When you combine the effects of the GOP healthcare bill with the various state-level attacks on abortion access, the result is that abortion services will simply be out of reach for large portions of American women. While abortion will still remain a right, accessing this right will be become significantly harder and there is a strong likelihood that illegal abortions will increase (as we see in other nations that have closed off legitimate access to abortion).

Older People Will Pay More

The ACA capped premium increases based upon age at 300%—in short, older American couldn’t be forced to pay more than three times what a younger American pays for the same plan. This was designed to help protect older Americans who require affordable healthcare and lack employer-sponsored care, but are not old or disabled enough to qualify for Medicare (e.g. a 55 year old cab driver who works full time as an independent contractor).

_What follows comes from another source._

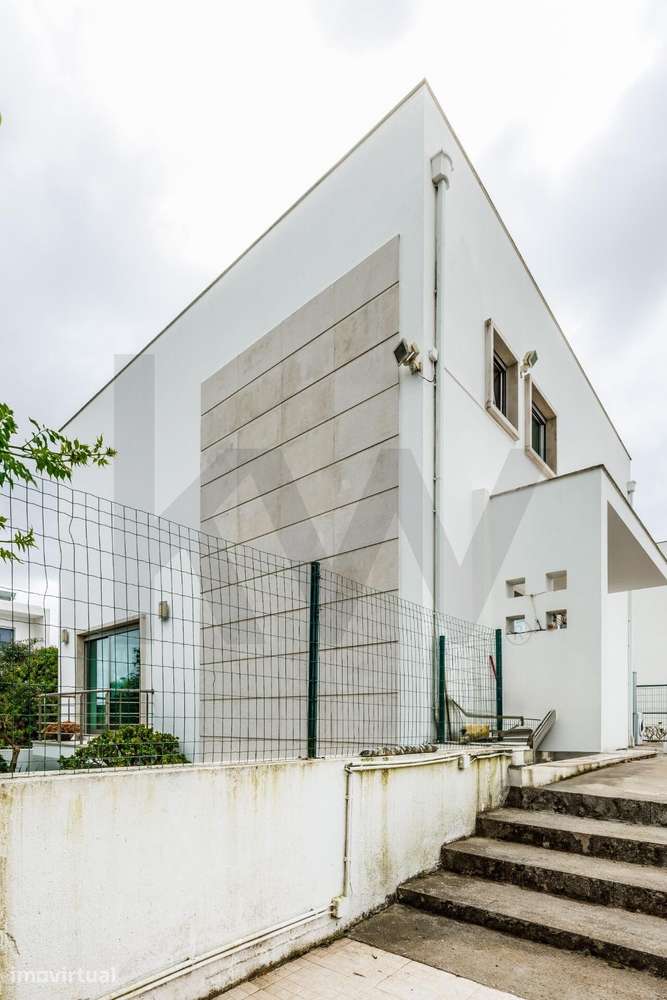 Moradia T4 com Varanda, Garagem e Pomar, nas Caldas da Raínha. - Grande imagem: 4/39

The Republican healthcare bill will increase the premium cap from 300% to 500%, opening the door for insurance companies to dramatically increase prices. Idiosyncratically, this is a politically beneficial move for the GOP, as the blame for these increases will fall on the insurers, while they will get credit for increasing the subsidies available to the elderly (see section earlier in the article). These increases in premiums on the elderly will absolutely overshadow the $4000 tax credits they are offered and will result in a large economic hardship for many middle class Americans.